CAPÍTULO 8

Cada vez era más peligroso salir a la calle. Una tarde asistí a un linchamiento. Primero pasó por mi lado un albino en una bicicleta, pedaleando como un loco. Detrás de él, tripulando un carro de helados, iban dos policías. Mientras uno conducía, el otro, acuclillado dentro de la caja de los helados, con la cabeza y los brazos fuera, disparaba una pequeña arma automática. Disparó varias ráfagas, pero sin dar en el blanco. Entonces la bicicleta chocó contra una piedra, se irguió como un ave, el albino rodó por los aires y cayó desvalido. Los policías le saltaron encima:

—¡Córtale la cabeza! —dijo el que conducía.

El otro dudó:

—¿Aquí mismo?

En ese instante apareció una mujer pequeña agitando un puñado de dólares: «¡Doy 100!», gritó. Los policías intercambiaron una rápida mirada: «¡150!». La mujer separó los billetes, los alisó con los dedos y se los entregó. El albino empezó a llorar: «¡No lo haga, señora, por piedad, tengo nueve hijos!». No le sirvió de nada. La mujer sacó una catana y le cortó la cabeza con dos golpes vigorosos. Después, la guardó en un saco de plástico y se marchó.
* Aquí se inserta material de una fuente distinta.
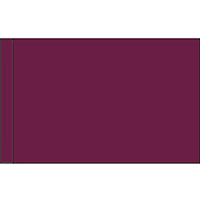 Color Flag with Pole Hem: Ruby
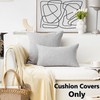 Home Brilliant Grey Cushion Covers 60cm x 60cm, Solid Silver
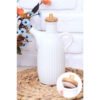 Witte Keramische Olie Dispenser – Met Deksel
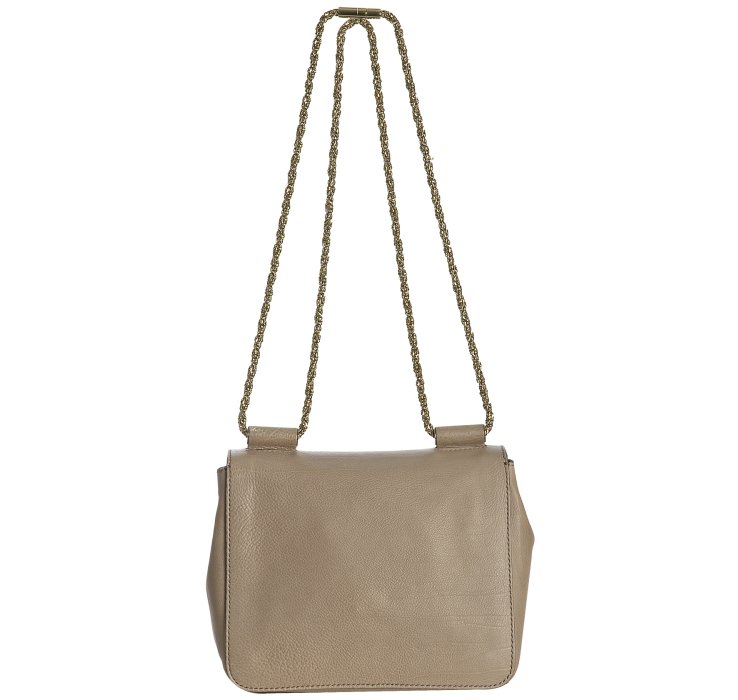 Chlo Taupe Calfskin Elsie Square Mini Shoulder Bag in Beige (grey ...  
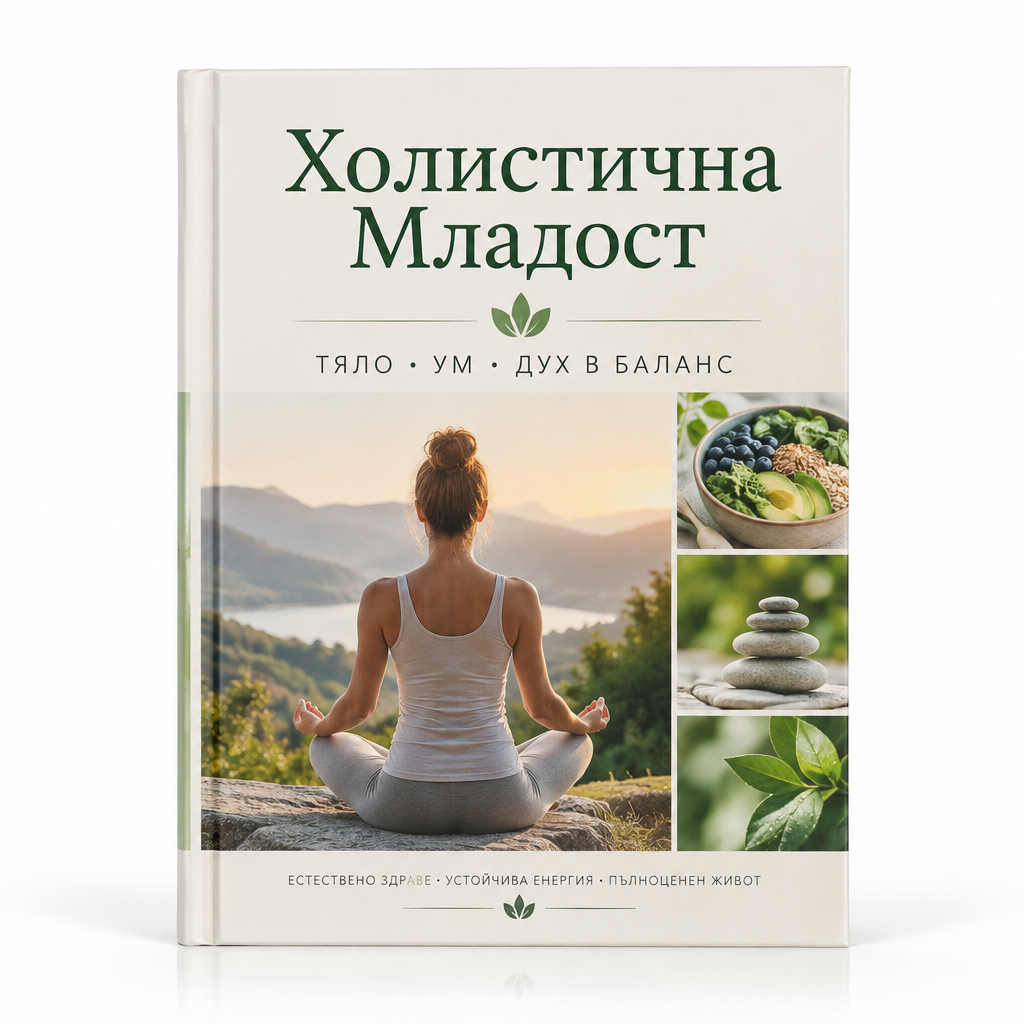 Холистична Младост - корица на книгата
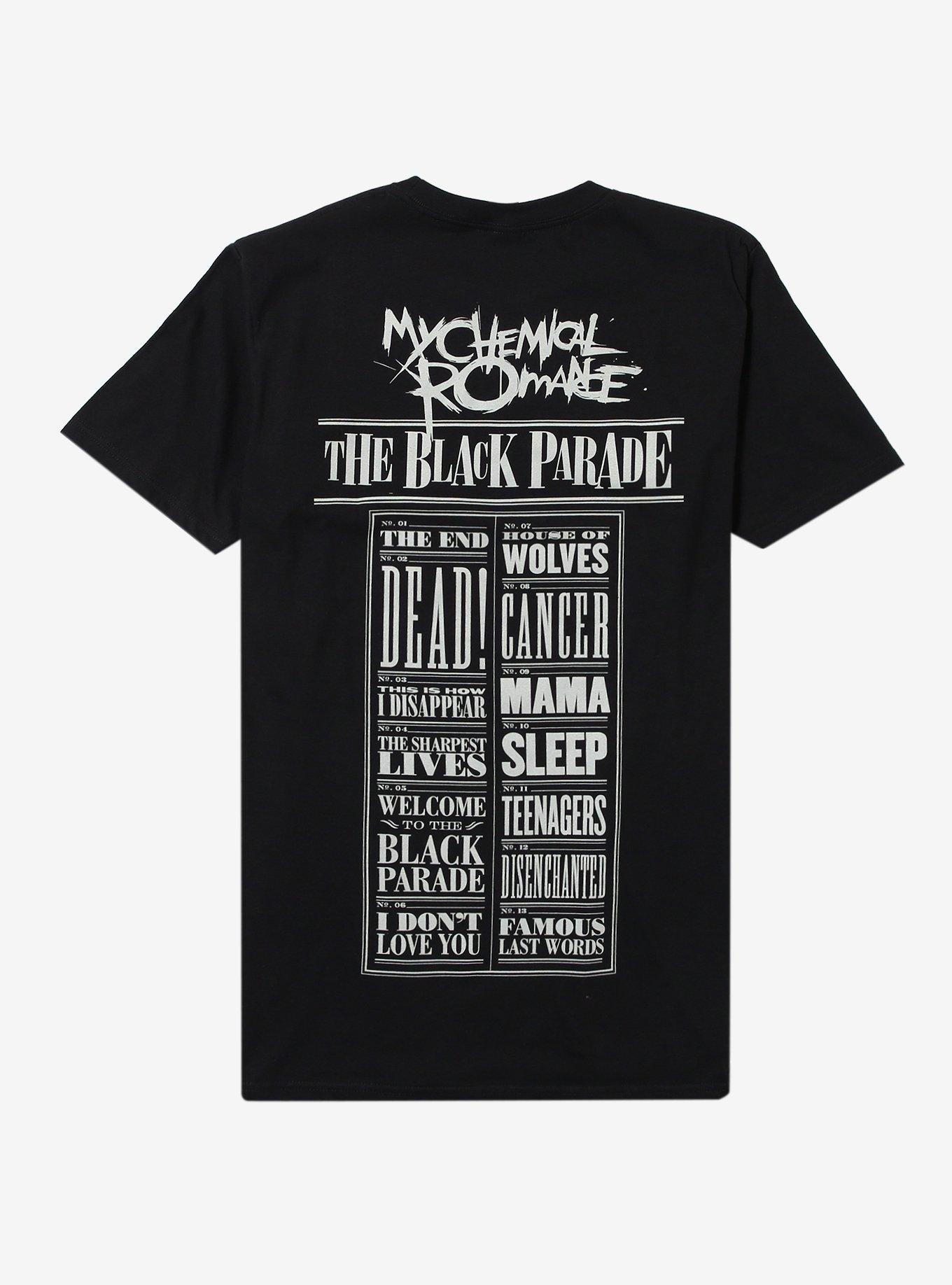 My Chemical Romance Black Parade Track List T-Shirt, , hi-res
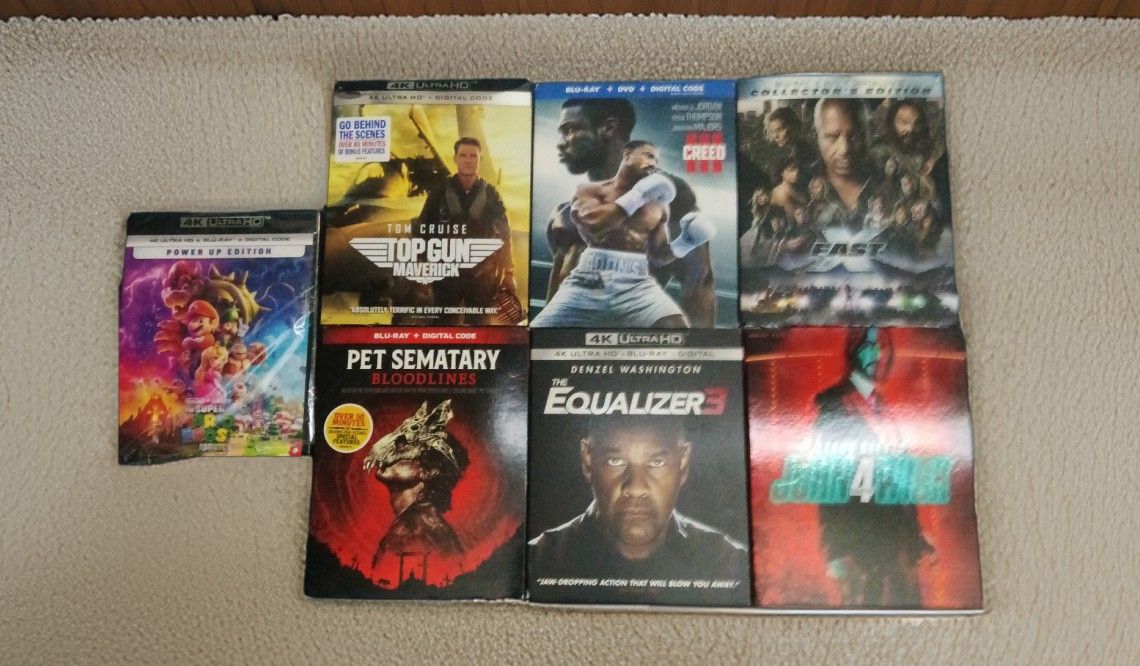 Brand New Blu-Rays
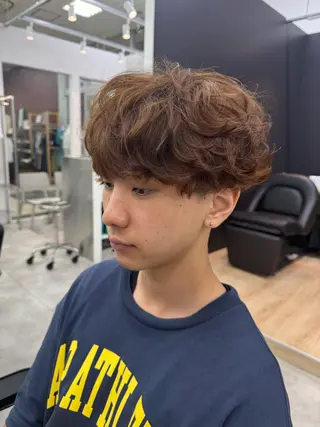 カラー パーマ メンズパーマ/長岡 坂口祥貴/店長のヘアスタイル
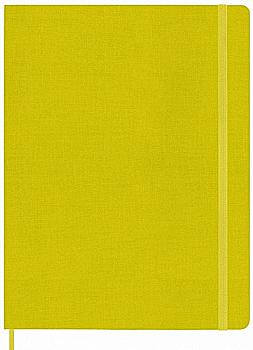 Записник Солом’яно-жовтий великий лінійка, Moleskine Silk, QP090M6SILK Записник Солом’яно-жовтий великий лінійка, Moleskine Silk, QP090M6SILK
Fui a casa de Paulete y le conté lo que había presenciado. Ella se encogió de hombros:

—Toda la ciudad está así —explicó—. Alguien ha corrido el rumor de que el cerebro de los albinos produce un jugo capaz de curar el sida.

En el mercado Roque Santeiro ya era posible comprar dicho jugo, servido en pequeños frascos. La televisión hizo un reportaje sobre el tema. Un albino, entrevistado en su casa, protestó aterrorizado: «No soy albino, soy blanco». Y se llevaba la mano al pelo teñido de negro y desrizado, la raya en medio: «¿Lo ven? ¡Soy blanco!». En el estudio, un médico garantizó que no existía una base científica que justificase el mujimbu: «El cerebro de los albinos es idéntico en todo al nuestro», aseguró.

Paulete me sonrió. Se había pintado como si fuese a una fiesta. «¡A la mierda los albinos!», dijo, «te estaba esperando». Ocultó la sonrisa entre las manos:

—¡Te quiero!

Yo no la quería. Quería salir de allí, de esa casa, de esa ciudad que ya no me pertenecía.